Strona 1 z 1

Nioczekiwany wyjazd, co z jedzeniem...

: śr maja 27, 2015 2:35 pm
autor: Vinn.
Niestety wypadł Mi nioczekiwany wyjazd wyjeżdżam jutro (28.05) i wracam w niedzielę 31.05.Czy moge im dać dużooo jedzenia na te dni? Nie są żarłokami, więc myślę że mogę im zostawić?
Ale nie jestem pewna...
Prosze o odpowiedzi.
Odpiszę około godziny 18 na wszelkie pytania bo teraz jadem na basen
Pozdrawiam

PS. Nie mam możliwości załatwienia opieki.

Re: Nioczekiwany wyjazd, co z jedzeniem...

: śr maja 27, 2015 2:44 pm
autor: smeg
Jeśli szczurki są młode i zdrowe (małe prawdopodobieństwo nagłego zachorowania), to od biedy możesz dać im więcej jedzenia i liczyć na to, że jakoś wytrzymają. Ja staram się swoich nie zostawiać samych na dłużej niż 2 noce, przy dłuższych wyjazdach daję komuś klucze do mieszkania i proszę, żeby zajrzał do szczurów co 2 dzień i sprawdził, czy nic złego się nie dzieje.
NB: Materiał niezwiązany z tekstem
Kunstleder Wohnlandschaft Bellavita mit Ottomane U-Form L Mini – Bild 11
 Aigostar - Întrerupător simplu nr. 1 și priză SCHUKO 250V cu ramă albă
Stare szczury albo wymagające opieki zostawiam u znajomych albo biorę ze sobą.

Oprócz jedzenia zostaw im też kilka poidełek (jedno może się zaciąć albo mogą je przegryźć i woda się wyleje).

Re: Nioczekiwany wyjazd, co z jedzeniem...

: śr maja 27, 2015 2:51 pm
autor: nienazwana
W sytuacjach awaryjnych można tak zrobić. Trudno, czasem może nie być wyboru.
Normalną karmą raczej się nie przejedzą, możesz im dać na zapas. Nawet jeśli więcej zjedzą przez 3 dni, tragedii nie będzie. Mokrego (warzywa, owoce) dałabym raczej mało, tak żeby w ciągu jednego dnia zjadły, bo może się takie jedzenie zepsuć. Chociaż moje szczury np jak jest lekko podwiędnięta marchew, to nie tkną. Ale po co ma im gnić w klatce. Sucha dobra karma starczy, nie umrą z głodu. Bardziej zadbałabym o wodę. Do niej muszą mieć dostęp. Jak mi się zdarza wyjechać na 1-3 dni (rzadko ale zdarza się) to przede wszystkim montuję 2 poidła, na wypadek jakby z jednym coś się stało, np się zatkało, wylało albo nie wiem co. Ostatecznie, jak nie masz 2 poideł to oprócz jednego zawieszonego można zrobić w kuwecie coś na kształt baseniku z wodą - naczynie np jakąś stabilną miseczkę wstawić. Nie jest to rozwiązanie idealne bo zapewne narobią syfu w klatce i prędzej czy później zapaprają sobie tą wodę, ale cóż; ekstremalna sytuacja wymaga ekstremalnych rozwiązań. Jakie masz stadko? Młode? Dużo szczurów?

Re: Nioczekiwany wyjazd, co z jedzeniem...

: śr maja 27, 2015 5:24 pm
autor: Vinn.
Mam dwie młode szczurzyce, poidełka mam dwa, miesek mam pięć.

Re: Nioczekiwany wyjazd, co z jedzeniem...

: śr maja 27, 2015 7:43 pm
autor: Tofcia
Przyszykuj ze 3 poidełka tak na wszelki wypadek i powieś wszystkie z wodą przegotowaną lub mineralną niegazowaną. Jedzenia wrzuć do pełna do dwóch miseczek. i zostaw jakis owoc np cały ogórek świeży i całą marchew. Możesz dać im też suszone jabłko i buraczki i powinno być wszystko ok.